The outer layer 100 is formed of polyethylene cross-linked by heat treatment at a set temperature or formed of a shape memory polyurethane having a network structure.

The outer layer 100 is a first suction means 110 made of a shape memory polyurethane having a network structure to remember the shape of the impact exerted by the user exposed to the outside; It is formed integrally with the first suction means, but a second suction means 120 made of polyethylene crosslinked and foamed by heat treatment at a set temperature.

A coating layer 130 exhibiting hydrophilicity is further formed on the outer layer 100.

The resin layer 300 is made of polyethylene resin (polvethvlene resin).

In order to achieve the above problem, the stepwise sequence of the manufacturing method of the multifunctional air cap sheet proposed in the present invention is as follows.

An outer layer forming step (S100) of forming an outer layer 100 that exhibits an effective resistance and elastically deforms while absorbing an applied shock; A film layer forming step (S200) of forming a film layer 200 that has a set width and is disposed on one surface of the outer layer to exhibit a bending stress and to preserve the cross-sectional shape of the outer layer; A resin layer forming step (S300) of forming a resin layer 300 by passing through a molding roller in a state in which the resin flowing viscously is distributed in the boundary region between the outer layer and the film layer; The air forming the air cap layer 400 by extruding in contact with the film layer 200 to form a convex portion and a gap portion on the entire surface by closely forming the semi-circular air cap 410 having a limited protruding distance. Cap layer forming step (S400); After providing a finishing layer 500 made of adhesive surfaces on both sides, an adhesive is further applied to one surface to bond with the air cap layer 400, and to the other surface, a release layer 600 capable of protecting the adhesive surface and selectively peeling off is provided. It is composed of; finishing step (S500) to form.

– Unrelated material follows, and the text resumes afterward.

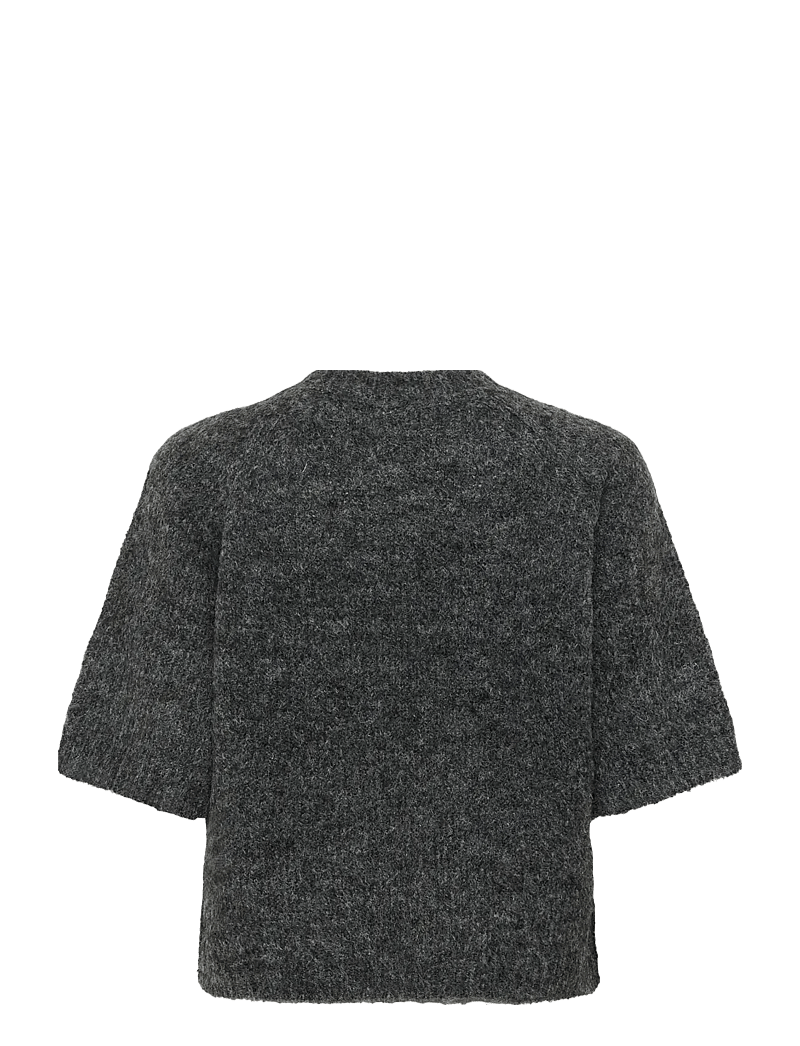 Kaffe - KAemilie Cropped Knit Pullover - stickade tröjor - dark grey melange - 2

The outer layer forming step (S100) is a first suction means forming step (S110) of forming a first suction means (110) with a polyurethane having a chemical cross-linking structure by adding a chain extender and a crosslinking agent to the set prepolymer; A second suction means forming step (S120) of integrating with the first suction means but forming the second suction means 120 with cross-linked foamed polyethylene; A coating layer forming step of forming a coating layer 130 by applying a hydrophilic coating solution to the first suction means (S130); Including further increases the impact effective resistance and elastic force applied to the outer layer 100.

According to the present invention made of the above-described configuration, the body of the vulnerable groups such as children, the elderly, and the disabled is protected through the air cap that acts as a buffer to secure stability and prevent condensation and improve heat retention. In addition, it is possible to obtain raw material savings, heat insulation, sound insulation, and appearance.

1 is a block diagram of a multifunctional air cap sheet according to the present invention.
Figure 2 is a block diagram of a multifunctional air cap sheet according to the present invention.
3 is a flow chart of a method of manufacturing a multifunctional air cap sheet according to the present inventor.
Figure 4 is a flow diagram of a method of manufacturing a multifunctional air cap sheet according to the present inventor.

Advantages and features of the present invention, and methods for achieving them will be clarified with reference to embodiments described below in detail together with the accompanying drawings. However, the present invention is not limited to the embodiments disclosed below, but may be implemented in various different forms, and only the present embodiments allow the disclosure of the present invention to be complete, and common knowledge in the technical field to which the present invention pertains. It is provided to fully inform the person having the scope of the invention, and the invention is only defined by the scope of the claims. And throughout the specification, the same reference numerals refer to the same components.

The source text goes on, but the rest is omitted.